I have this load balanced asp.net application which needs to upload files to a shared location. The web app is not impersonated, which means it will cross the machine boundry using network service credentials. Now my question is, to which account do I need to assign permissions on the folder where the files are being uploaded? How can I say the network service of these web servers need write permissions?
If your server is part of AD domain, then you can add the Server itself from the security permission dialog to have read/write permission (in fileshare server). Remember to select "Computers" when searching Active Directory. Depending on your setup, might have to search from the root of your Active Directory or select "Entire Directory". You will have to add all of your servers that are part of load-balanced ring to have permission in fileshare server's directory.
If your server is not within an AD domain, then your local server's network service will not have any security context to write on another server; which means only generic permission will work (e.g. giving write permission to "Everyone").
Otherwise you will have to use UNC authentication. An example is posted here.
I have a web application that runs on SERVER_A. The web application calls a web service which runs on SERVER_B. The web service returns a set of folder names on the file system from SERVER_B. However the web service fails to return any content when I run my application from SERVER_A, but it works OK when I access the web service directly via a browser or my localhost i.e. via Visual Studio. I can get it to work for SERVER_A if I grant the machine name (SERVER_A) access to the file system via Properties > Security. But I don't think this is very secure..?
Ideally I need to grant a service account the correct permissions, but how do I do this? Do I need to run my application on SERVER_A as this service account in order for it pass the identity when it connects to my web service? If so how do I do this?

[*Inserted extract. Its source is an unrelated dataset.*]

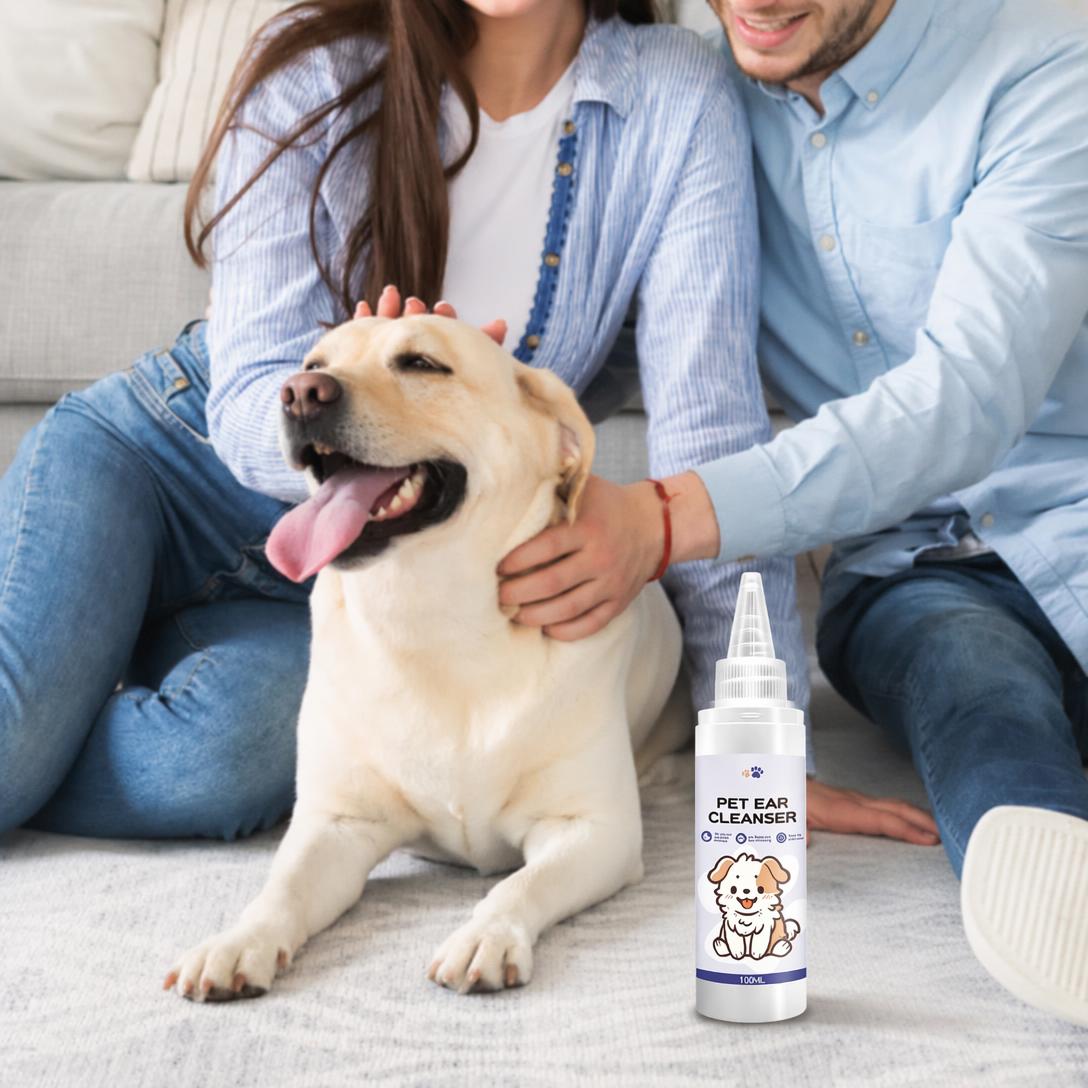 Gentle Pet Ear Wash I Odor-Free Cleaning for Dogs & Cats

You can specify the credientials you are using with the webservice. Once you create your service account (if you haven't already) you can specify the credentials when trying to consume the webservice...here is a MS kb article (take a look at the "Second Method").
http://support.microsoft.com/kb/811318
When I access file whith UNC file path from asp.net, I found the following problem. Logon failure: unknown user name or bad password. Pls help me.

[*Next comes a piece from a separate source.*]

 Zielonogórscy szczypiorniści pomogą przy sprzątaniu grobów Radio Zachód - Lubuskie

The problem may not be with the UNC nature of the path you're trying to access, but with the security credentials. If, for example, you are running your asp.net application under the System account, then you won't be able to access network shares because System is a local account (not a domain account).
I suggest you check in inetmgr under which user your application pool is running (under the Identity tab). Try using a domain account that can access that share.
The solution is held under the impersonation and delegation functionality of asp.net. There are certain constructs which provide a token based security scheme to call a file.copy operation for example with the target being a UNC location. You can check it here.
The account "in charge" when the file access request is issued simply must be lacking credentials to access the share / resource found at the UNC location.
You first need to determine which account is effectively used, as this may vary, and provide the relevant privileges. By default most programs, including .NET programs (to a lesser extent) will run in the security context of the account which launched the program, however this doesn't hold, in many situations, for example if the program is a service of sorts, or if it uses some DCOM objects, or if it impersonate some other accounts etc... Also .NET has a relatively sophisticated system of delegation/impersonation.
One way to diagnose this issue is to add auditing at the level of the UNC file/directory. Upon failure this will leave a event which should show the login name of the account which tried to access the share.